Migrants wait to board a ship on the Italian island of Lampedusa


Economic cooperation, the return of stolen funds and migration are the priorities for Switzerland in North Africa and the Middle East.

That is how Swiss foreign ministry spokesman Lars Knuchel summarised the situation, addressing the media in Tunis on Tuesday.

Swiss ambassadors to the region had gathered in Tunis to further develop the basic strategy adopted by the Swiss cabinet in March in response to political turmoil in North Africa.

“The strategy covers the whole North African region – not just the countries in which there has been a revolution,” said Marcel Stutz, head of the foreign ministry section devoted to North Africa and the Middle East.

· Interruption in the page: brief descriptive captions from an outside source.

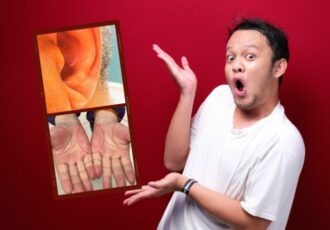 These Traits Indicate Poor Health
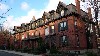 Monmouth Court, Brookline, MA, c.1875, by architect J. Pickney Putnam.
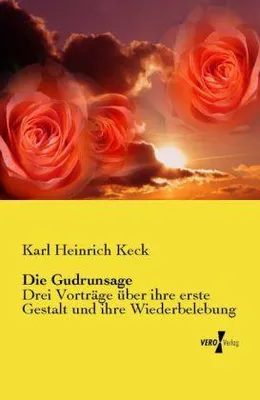 Image de Die Gudrunsage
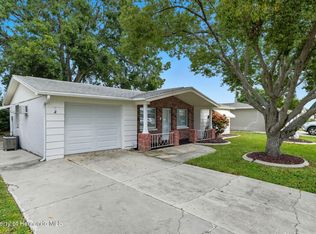 3125 Salisbury Dr, Holiday, FL 34691
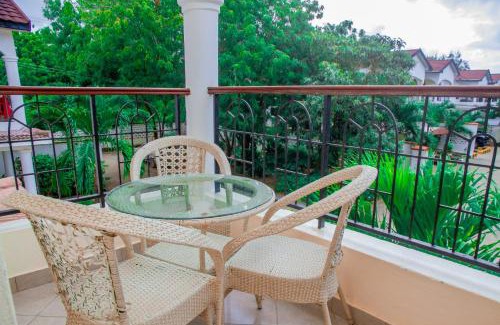 Malindi House | Heavenly Homes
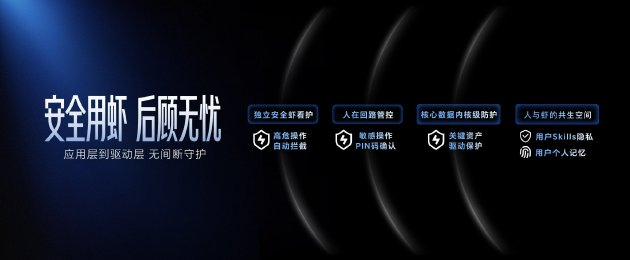 荣耀首发预制龙虾AI智能体技术YOYO Claw 开创“养虾本”新品类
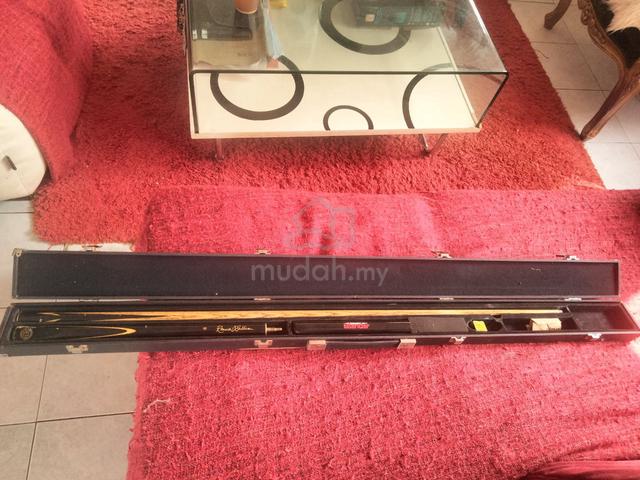 Que snooker (Ronnie o Sullivan) - photo 6 of 6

“Nevertheless, it is important to note that each country has its own history and difficulties. In any case you have to differentiate.”

“At the moment, the geographical focus is on Tunisia; we are collaborating well with the transitional government,” Stutz continued.

Training opportunities

In North African countries, it is mainly teenagers and young men who are unemployed, according to Stutz. Generally, they have no formal training, making it difficult for them to find work.

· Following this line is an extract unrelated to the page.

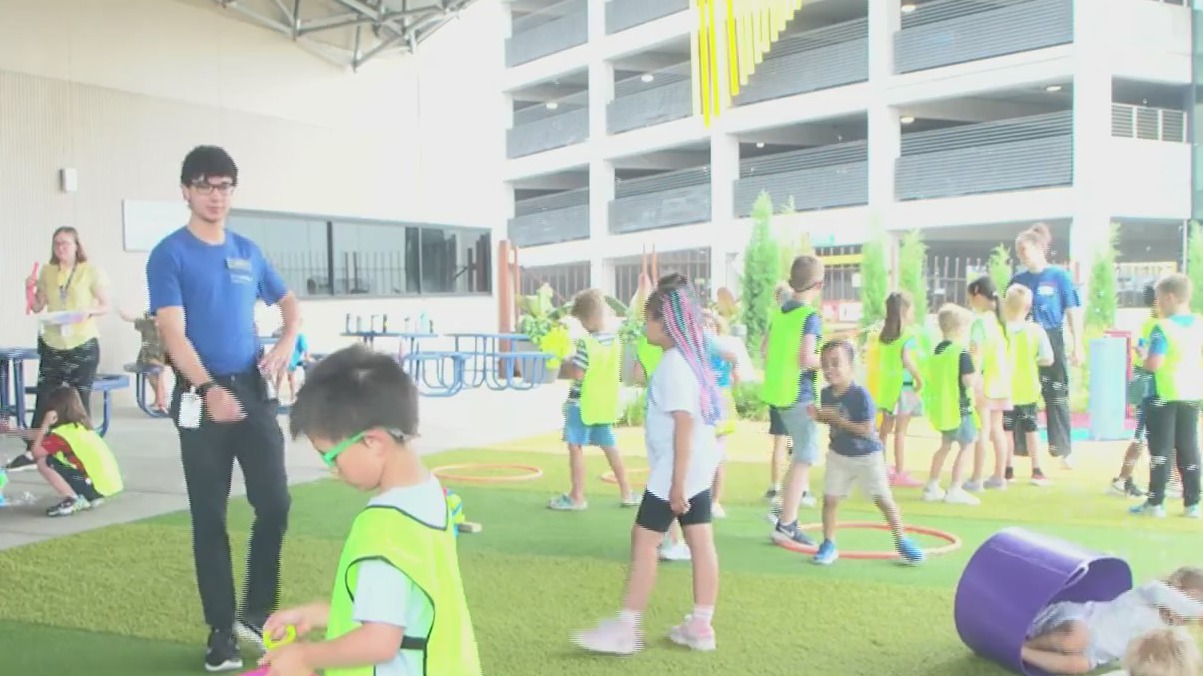 Strong Museum kicks off programming for a Summer of Play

“Together with Swiss companies located in the countries in question, we are trying to integrate them into the working world. There is also the chance for some to do an internship in Switzerland by means of a trainee visa,” said Stutz.

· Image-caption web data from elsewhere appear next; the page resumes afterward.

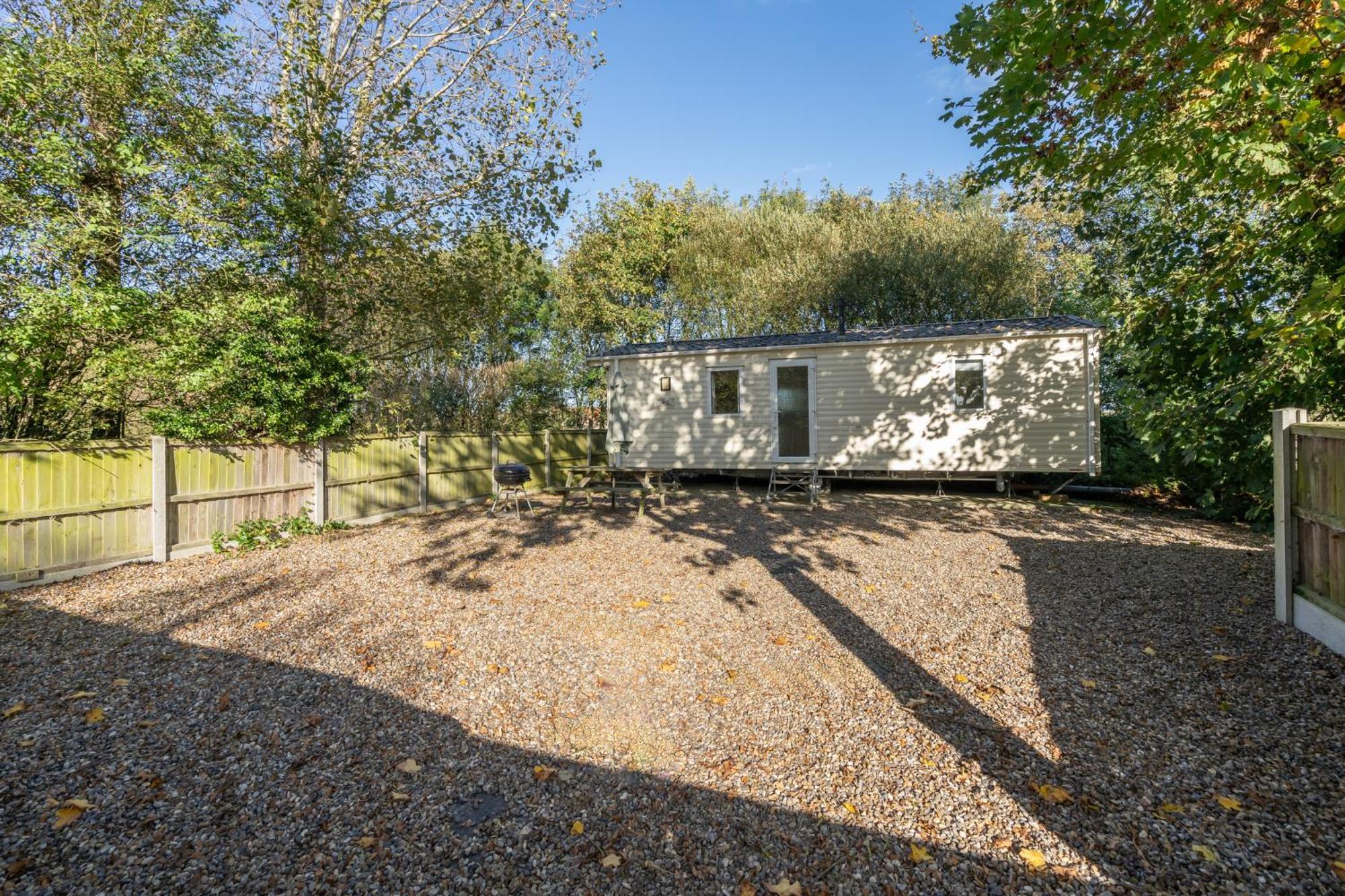 The Pollywiggle, Waxham, Nr Sea Palling Dog Friendly, Private Walk To The Beach Norwich Bagian luar foto
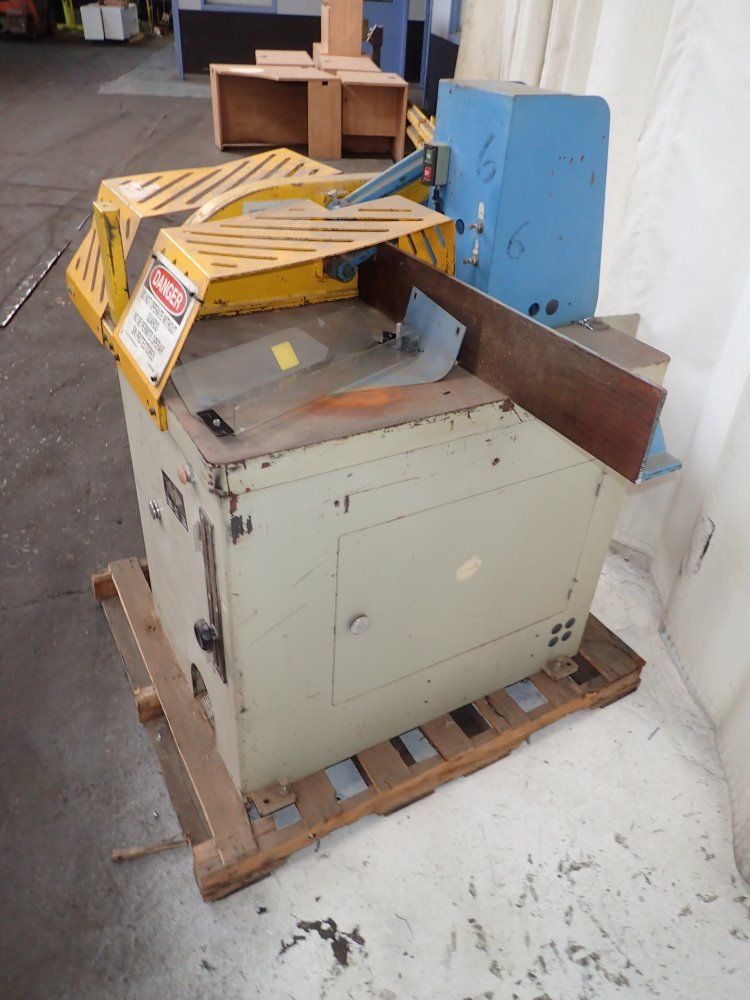 High Point Tool Chopsaw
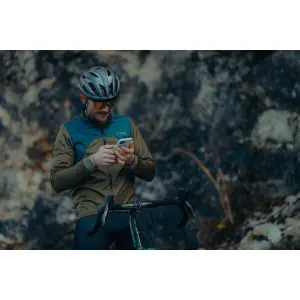 Waterproof jacket Northwave Extreme 2 image-1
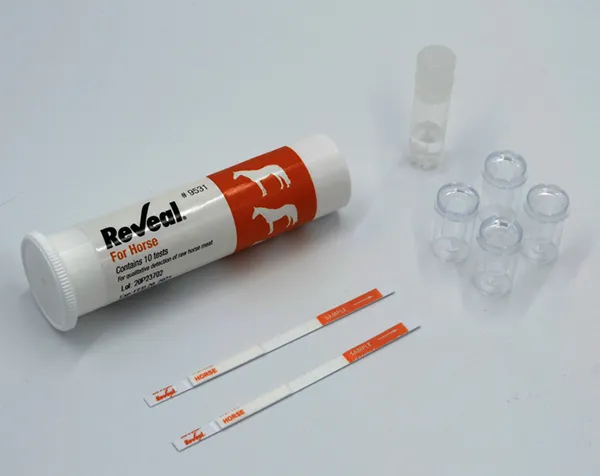 Reveal® for Horse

A trainee visa allows young people to learn a trade in Switzerland for up to 18 months.

There has also been talk of a new type of apprenticeship that would make it easier for young people to spend a couple of months in Switzerland.

Yet according to Eduard Gnesa, migration ambassador for the Swiss Agency for Development and Cooperation, no decisions have been made on that front.

In Tunisia’s hands

“It is now up to the Tunisian government to launch criminal proceedings against individuals,” said Valentin Zellweger of the foreign ministry’s directorate of international law regarding the blocked assets of former dictator Zine el-Abidine Ben Ali and his clan.

“Switzerland will return the funds based on court rulings made in Tunisia.”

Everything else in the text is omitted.